See QuikCASTs for the 5 day surf overview or read below for the detailed view.
On Saturday (6/29) in California no real swell was hitting either from the north or south. In Hawaii the very bleeding early edge of New Zealand swell was starting to show mainly at the buoys. For the future a gale developed south of New Zealand Sat-Sun (6/23) with 41 ft seas aimed northeast while tracking northeast before fading Monday. Swell is radiating towards our forecast area and starting to hit Hawaii now. And perhaps a broader system was developing south of New Zealand and is to track east-northeast Fri-Mon (7/1) with up to 42 ft seas. And possibly more behind that too.
See all the details below...
SHORT- TERM FORECAST
Current marine weather and wave analysis plus forecast conditions for the next 72 hours
Over the next 72 hours no swell producing fetch is forecast other than local windswell (see below).
On Saturday (6/29) the usual summertime pressure gradient was weak in California producing northwest winds at 15 kts over North CA and up to 20 kts in pockets from Monterey Bay south to Pt Conception resulting in small short period windswell. East fetch is to hold decently relative to Hawaii early at 15 kts extending 900 nmiles east of the Islands resulting in more windswell there.
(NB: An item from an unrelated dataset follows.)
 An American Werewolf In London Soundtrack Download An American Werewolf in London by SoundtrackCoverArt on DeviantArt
Sunday (6/30) more of the same is forecast for CA with northwest winds 15-20 kts for North and Central CA offering junky short period windswell there while easterly fetch starts fading up to 800 nmiles east of Hawaii occurring only in distant patches offering diminishing support for windswell production at exposed east facing shores. Monday (7/1) the gradient is to strengthen some for California with north winds 15-20 kts early over all of North and Central Ca nearshore waters building to 20-25 kts later offering increased odds fro junky local north windswell production. East fetch to dissipate for Hawaii with no odds for windswell production. Tuesday (7/2) the gradient is to build more for California with north winds 20-25 kts over all of North and Central CA waters producing building raw local northwest windswell. No east fetch of interest is expected relative to Hawaii resulting in no east windswell there.
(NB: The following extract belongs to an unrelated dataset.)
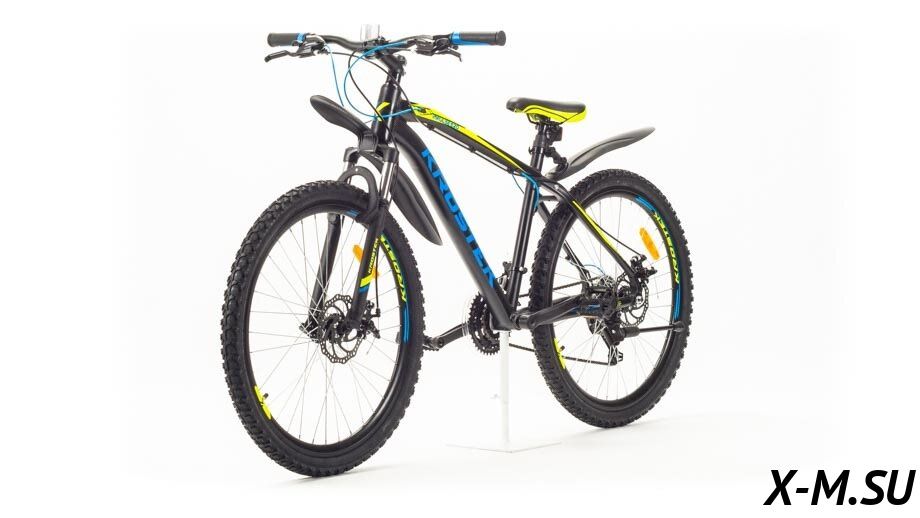 Велосипед 26 KROSTEK IMPULSE 620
North Pacific Animations: Jetstream - Surface Pressure/Wind - Sea Height - Surf Height
Tropical Depression Alvin was all but gone on Sat AM (6/29) positioned 900 nmiles south of Pt Conception CA and offering no swell production potential.
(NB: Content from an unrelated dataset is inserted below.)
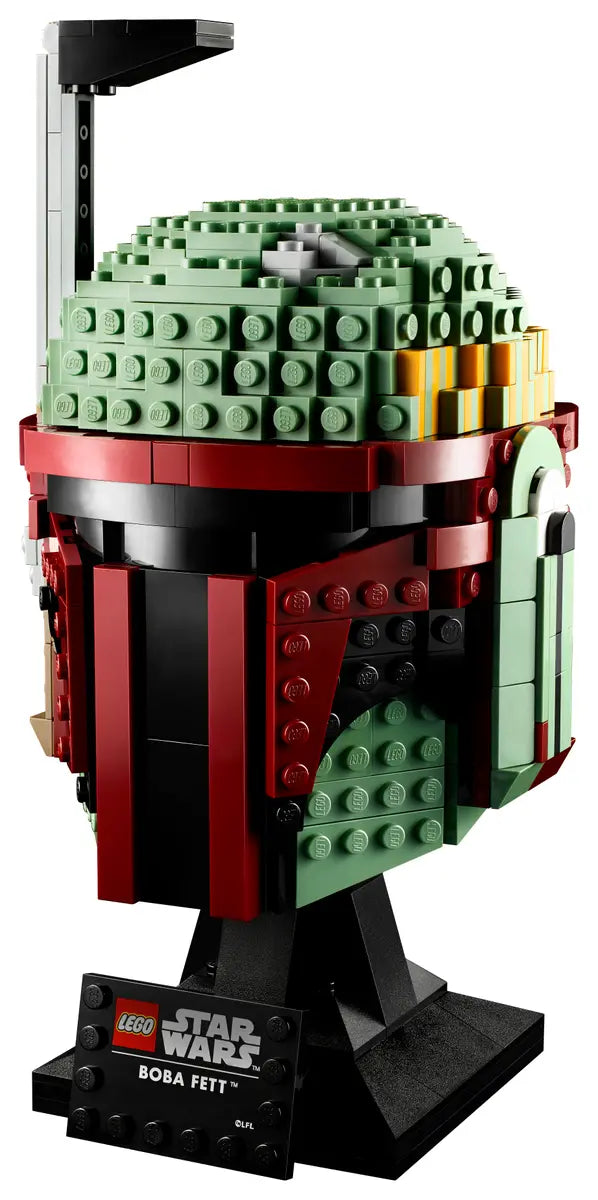LEGO 75277 STAR WARS CASCO DI BOBA FETT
The GFS model is hinting at a new tropical system developing 1400 nmiles south of Pt Conception CA on Mon PM (7/1) tracking northwest and building. By Thurs AM (7/4) this system is to be solid and turning to the west positioned 1200 nmiles south-southwest of Pt Conception or 1700 nmiles east-southeast of Hawaii tracking west-northwest. Later on Fri (7/5) this system it to be tracking west and starting to fade mid-day Sat (7/6) 1100 nmiles east of Hawaii. Possible east swell to result if one is to believe the models.
California Nearshore Forecast
On Saturday (6/29) northwest winds were 15 kts from Pt Arena south and up to 20 kts over Pt Conception all day. Sunday (6/30) northwest winds to be 15 kts nearshore for all of North and Central CA. Monday (7/1) northwest winds to be 15-20 kts over all of North and Central CA and building later. Tuesday (7/2) northwest winds are to be 20 kts and up to 25 kts in pockets over North CA and Central CA. fetch fading some on Wednesday (7/3) at 15+ kts for North CA and 20+ kts for Central CA. On Thurs (7/4) north winds to be 15-20 kts over all of North and Central CA. Fri (7/5) north winds to be 15-20 kts for all of North and Central CA. Sat (7/6) north winds to continue at mostly 20 kts for all of North and Central CA.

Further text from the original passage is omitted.